Short descriptive text snippets:
- - - - - - -

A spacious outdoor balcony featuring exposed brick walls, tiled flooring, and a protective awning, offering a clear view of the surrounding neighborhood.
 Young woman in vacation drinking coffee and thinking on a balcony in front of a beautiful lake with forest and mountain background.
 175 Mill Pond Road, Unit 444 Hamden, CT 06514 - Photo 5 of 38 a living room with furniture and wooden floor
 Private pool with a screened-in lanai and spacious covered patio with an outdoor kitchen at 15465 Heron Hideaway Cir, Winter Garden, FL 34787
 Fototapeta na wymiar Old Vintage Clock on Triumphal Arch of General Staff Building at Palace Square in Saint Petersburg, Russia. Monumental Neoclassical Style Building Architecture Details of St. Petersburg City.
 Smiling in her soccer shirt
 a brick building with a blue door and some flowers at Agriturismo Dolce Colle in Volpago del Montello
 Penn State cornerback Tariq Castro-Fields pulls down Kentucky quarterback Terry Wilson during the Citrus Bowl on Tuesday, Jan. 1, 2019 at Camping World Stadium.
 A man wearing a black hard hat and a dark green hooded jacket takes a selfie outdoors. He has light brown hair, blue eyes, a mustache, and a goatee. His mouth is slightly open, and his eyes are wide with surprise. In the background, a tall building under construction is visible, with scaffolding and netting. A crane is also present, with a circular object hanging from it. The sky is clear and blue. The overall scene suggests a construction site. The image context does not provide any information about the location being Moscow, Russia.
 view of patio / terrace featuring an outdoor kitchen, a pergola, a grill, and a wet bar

- - - - - - -

■ **Task prompt**
In full and without deviation, reproduce the entries above.

■ **Answer to this task**
A spacious outdoor balcony featuring exposed brick walls, tiled flooring, and a protective awning, offering a clear view of the surrounding neighborhood.
 Young woman in vacation drinking coffee and thinking on a balcony in front of a beautiful lake with forest and mountain background.
 175 Mill Pond Road, Unit 444 Hamden, CT 06514 - Photo 5 of 38 a living room with furniture and wooden floor
 Private pool with a screened-in lanai and spacious covered patio with an outdoor kitchen at 15465 Heron Hideaway Cir, Winter Garden, FL 34787
 Fototapeta na wymiar Old Vintage Clock on Triumphal Arch of General Staff Building at Palace Square in Saint Petersburg, Russia. Monumental Neoclassical Style Building Architecture Details of St. Petersburg City.
 Smiling in her soccer shirt
 a brick building with a blue door and some flowers at Agriturismo Dolce Colle in Volpago del Montello
 Penn State cornerback Tariq Castro-Fields pulls down Kentucky quarterback Terry Wilson during the Citrus Bowl on Tuesday, Jan. 1, 2019 at Camping World Stadium.
 A man wearing a black hard hat and a dark green hooded jacket takes a selfie outdoors. He has light brown hair, blue eyes, a mustache, and a goatee. His mouth is slightly open, and his eyes are wide with surprise. In the background, a tall building under construction is visible, with scaffolding and netting. A crane is also present, with a circular object hanging from it. The sky is clear and blue. The overall scene suggests a construction site. The image context does not provide any information about the location being Moscow, Russia.
 view of patio / terrace featuring an outdoor kitchen, a pergola, a grill, and a wet bar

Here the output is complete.